Top of Recorded information
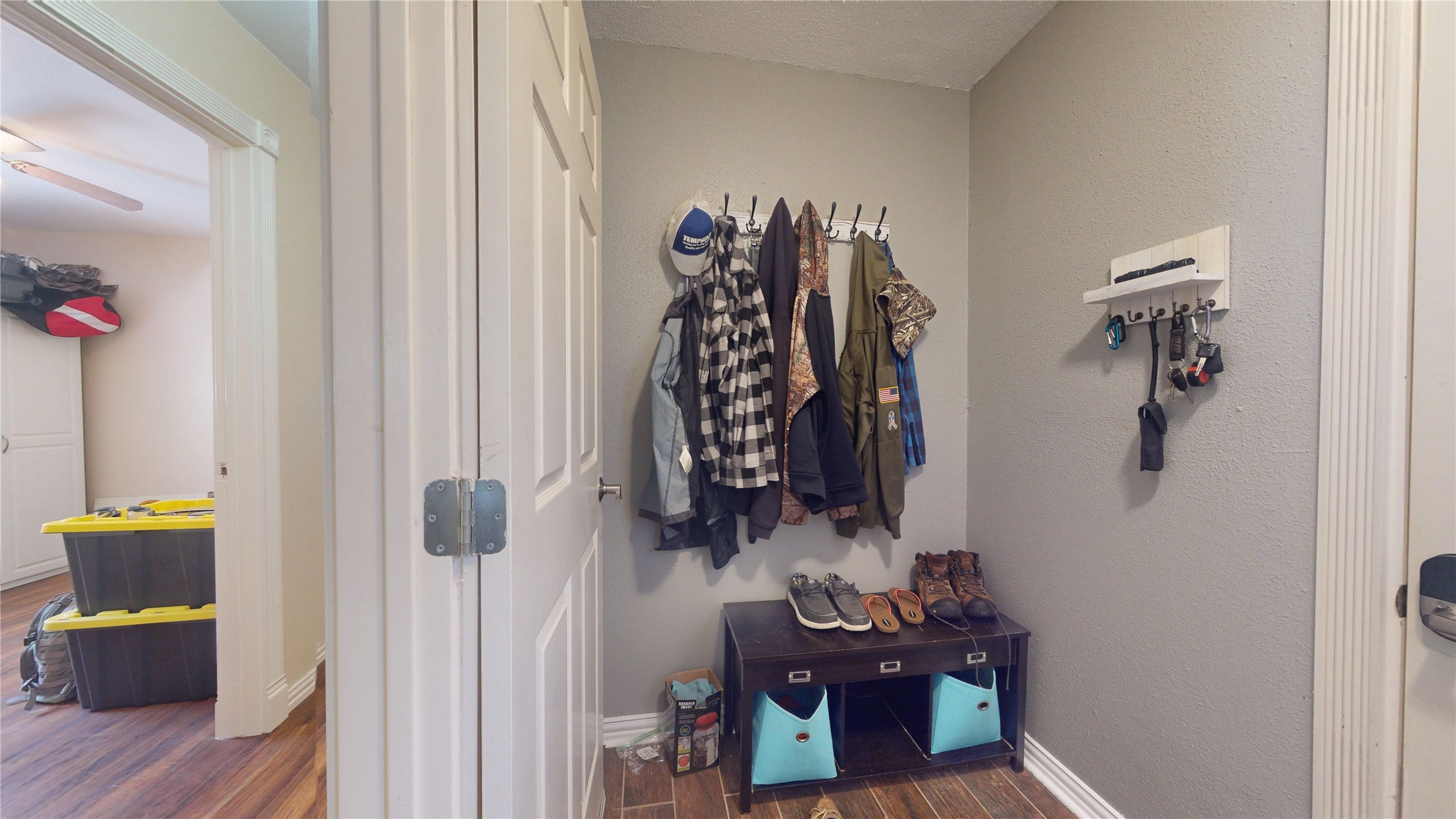 4713 Pine Street Pasadena, TX 77586 - Photo 27 of 38 a view of walk in closet with clothes and shoes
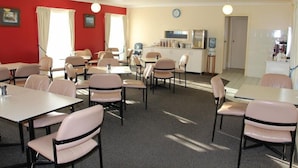A dining area with tables and chairs, a kitchen in the background, and a red wall. - Motel 359 (Tamworth)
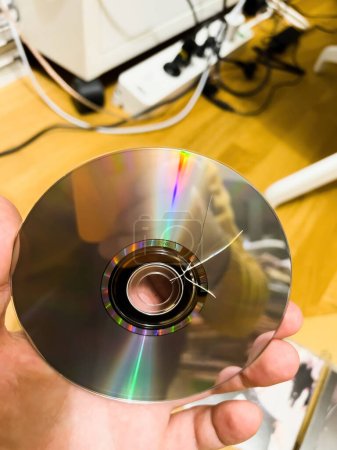 Photo for A man looks at a compact disk audio damaged during transport - Royalty Free Image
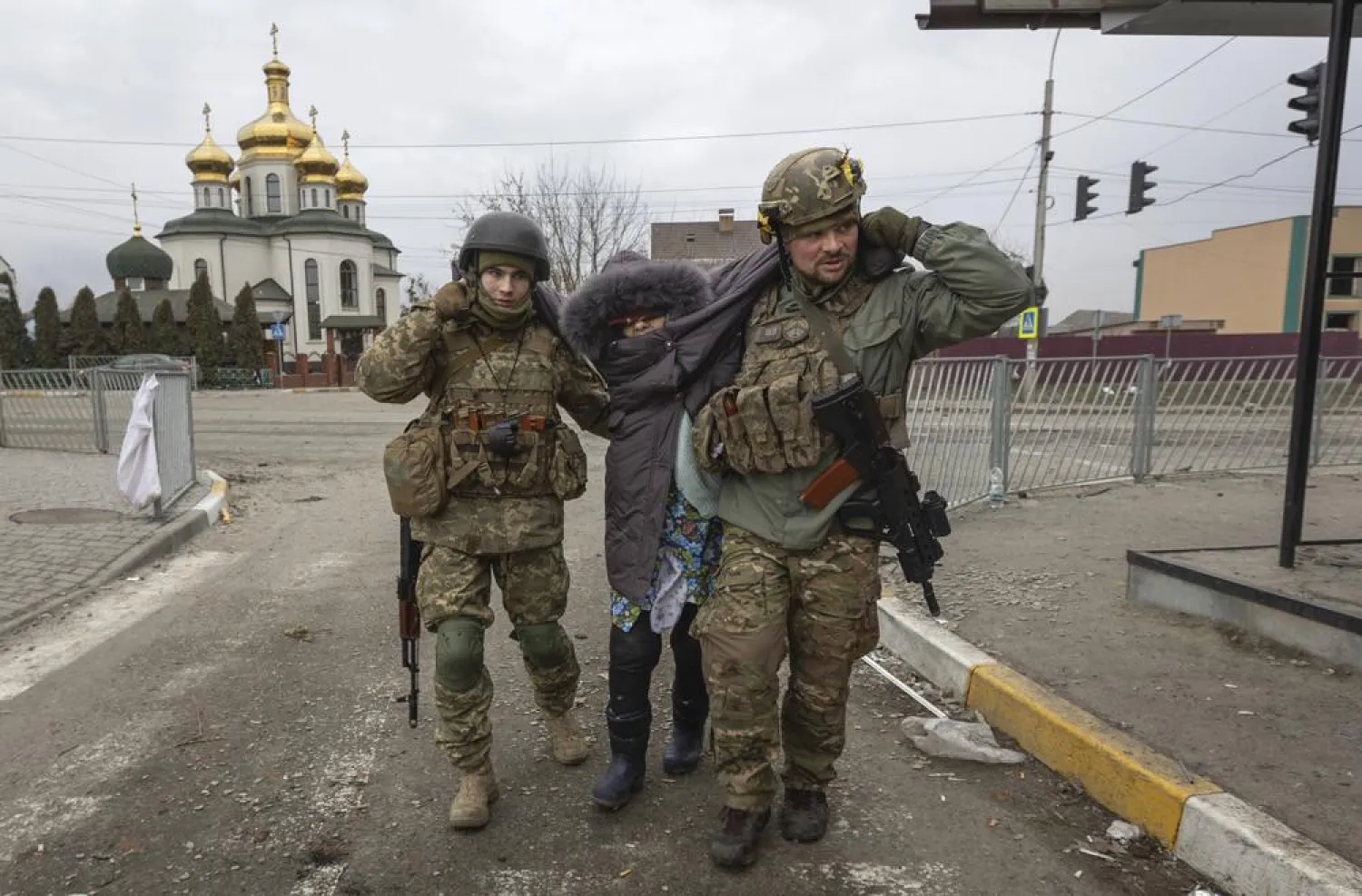 Ukrainian servicemen help an elderly woman, in the town of Irpin, Ukraine, March 6, 2022. (AP)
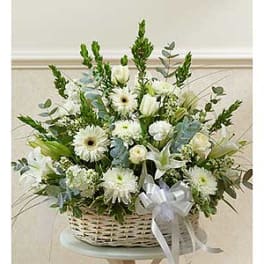 White floral arrangement in a wicker basket with a silver ribbon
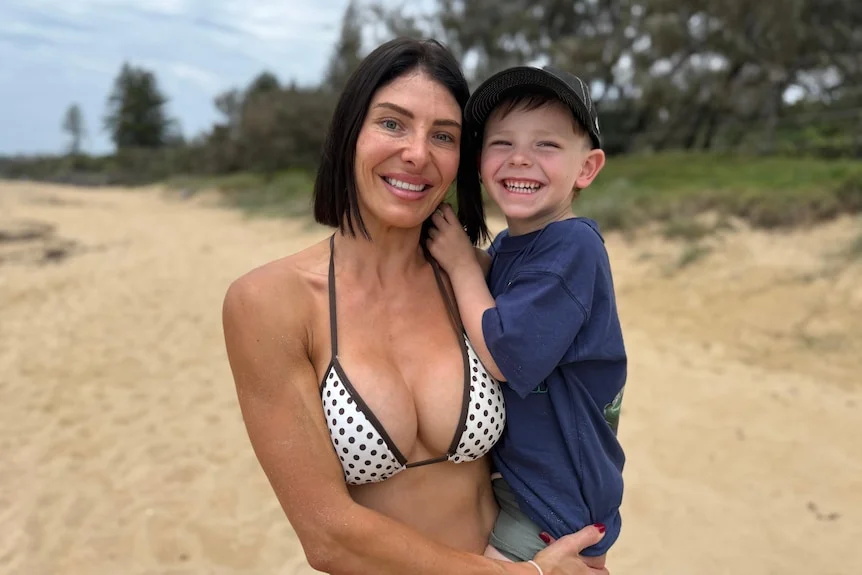 Woman in bikini smiling, holding young son in arms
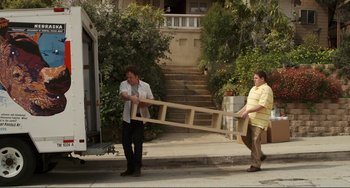 Movie still from “Cyrus” (2010), directed by Jay Duplass – Two men carrying a ladder down the street; Wide shot, High angle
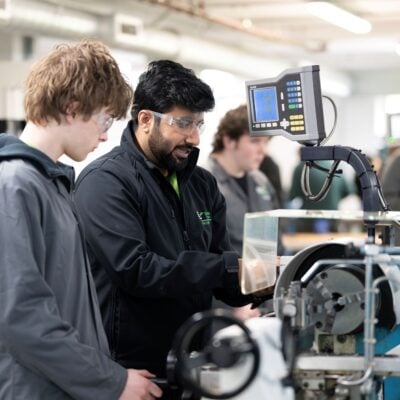Student and tutor using machine in engineering lab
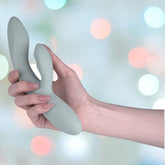 A hand holding the Svakom Chika Rabbit Vibrator, an app-controlled turquoise grey device crafted with liquid silicone and featuring side buttons. The softly blurred background with pastel-colored circles of light enhances the sleek design.
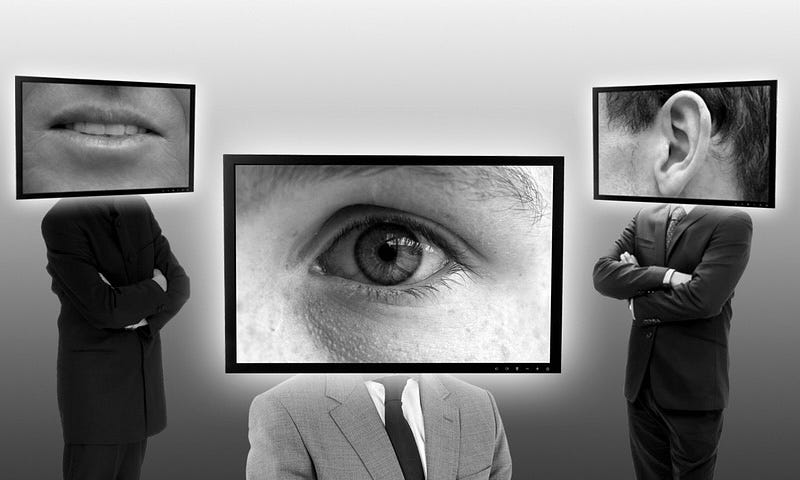 IMAGE: In black and white, three persons with sinister appearance dressed in corporate attire with monitors as heads, one with a big eye, another one with a big ear and a third one with big mouth on them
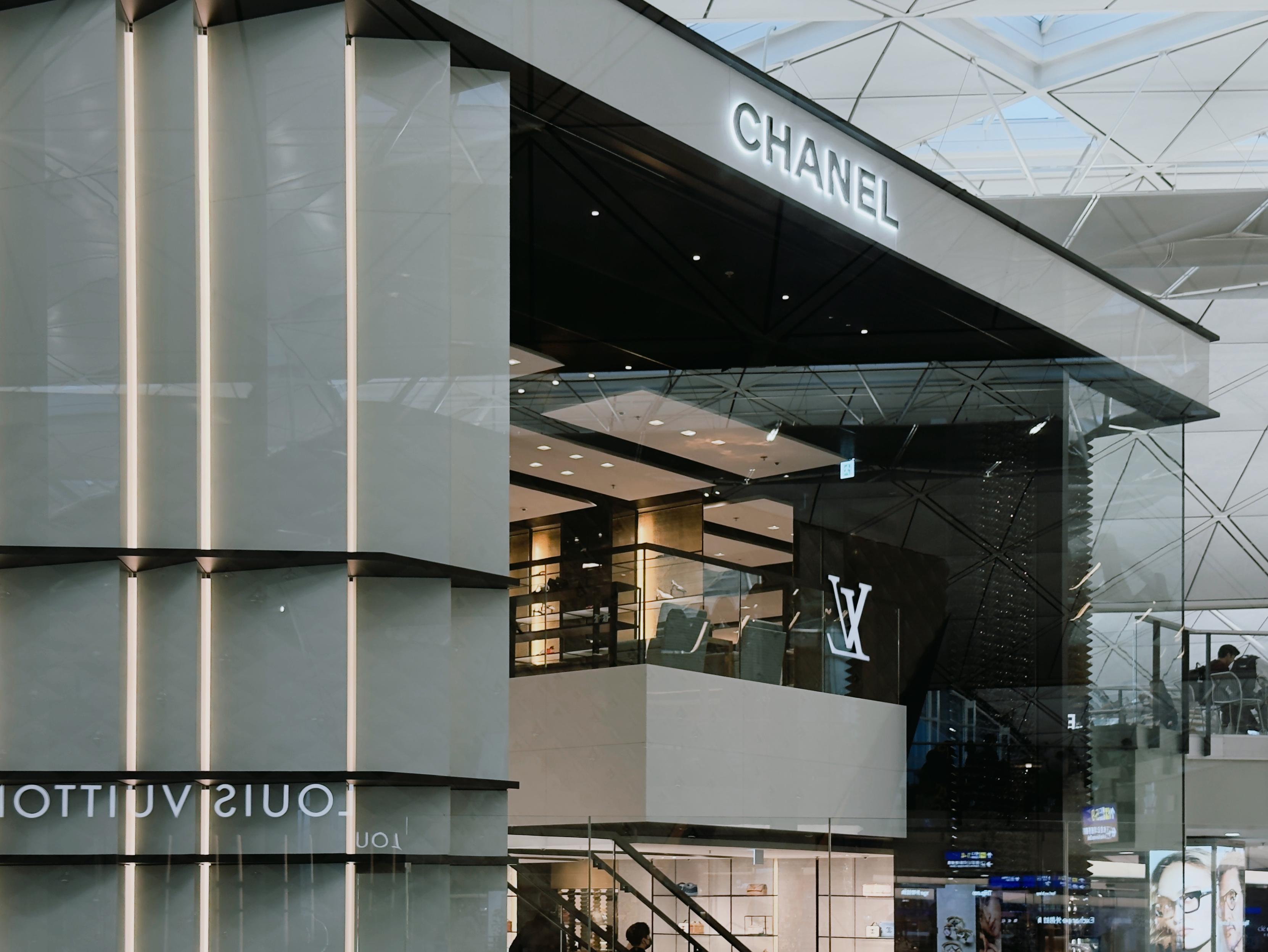 Exterior of a luxury shopping mall, featuring a Chanel store with modern architecture and glass elements.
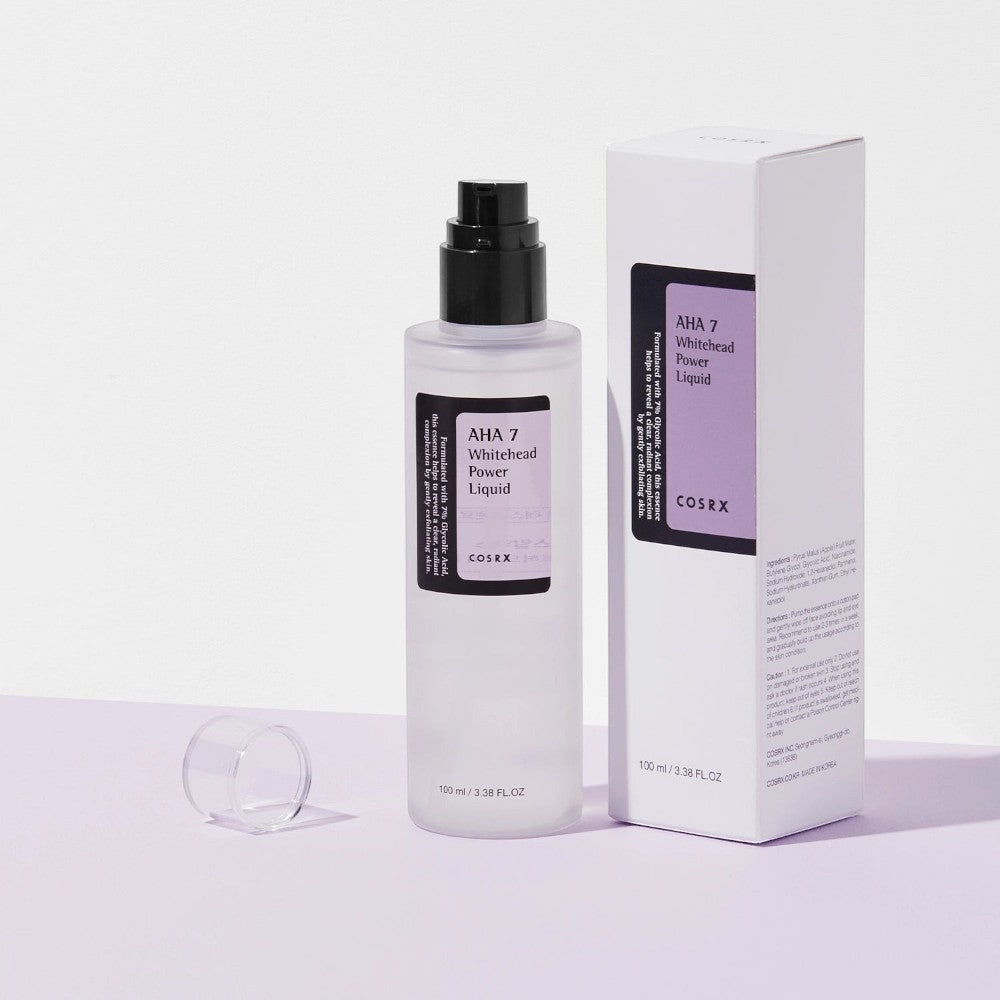 Skin TOGO Cosrx AHA 7 Whitehead Power Liquid chemical exfoliant bottle and packaging box on a light purple surface.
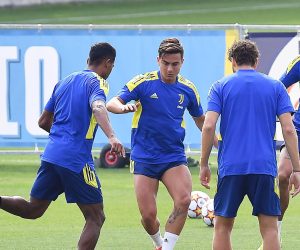 epa09465277 Juventus' Paulo Dybala (2-L) and teammates perform during their training session in Turin, Italy, 13 September 2021. Juventus FC will face Malmo FF in their UEFA Champions League group H soccer match on 14 September 2021.  EPA/Alessandro Di Marco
Bottom of Recorded information
Restate word for word the lines of the data above that begin at the line with "A dining area" and end at the line with "A hand holding", keeping both ends and dropping every picture.

*Finished exercise*
A dining area with tables and chairs, a kitchen in the background, and a red wall. - Motel 359 (Tamworth)
 Photo for A man looks at a compact disk audio damaged during transport - Royalty Free Image
 Ukrainian servicemen help an elderly woman, in the town of Irpin, Ukraine, March 6, 2022. (AP)
 White floral arrangement in a wicker basket with a silver ribbon
 Woman in bikini smiling, holding young son in arms
 Movie still from “Cyrus” (2010), directed by Jay Duplass – Two men carrying a ladder down the street; Wide shot, High angle
Student and tutor using machine in engineering lab
 A hand holding the Svakom Chika Rabbit Vibrator, an app-controlled turquoise grey device crafted with liquid silicone and featuring side buttons. The softly blurred background with pastel-colored circles of light enhances the sleek design.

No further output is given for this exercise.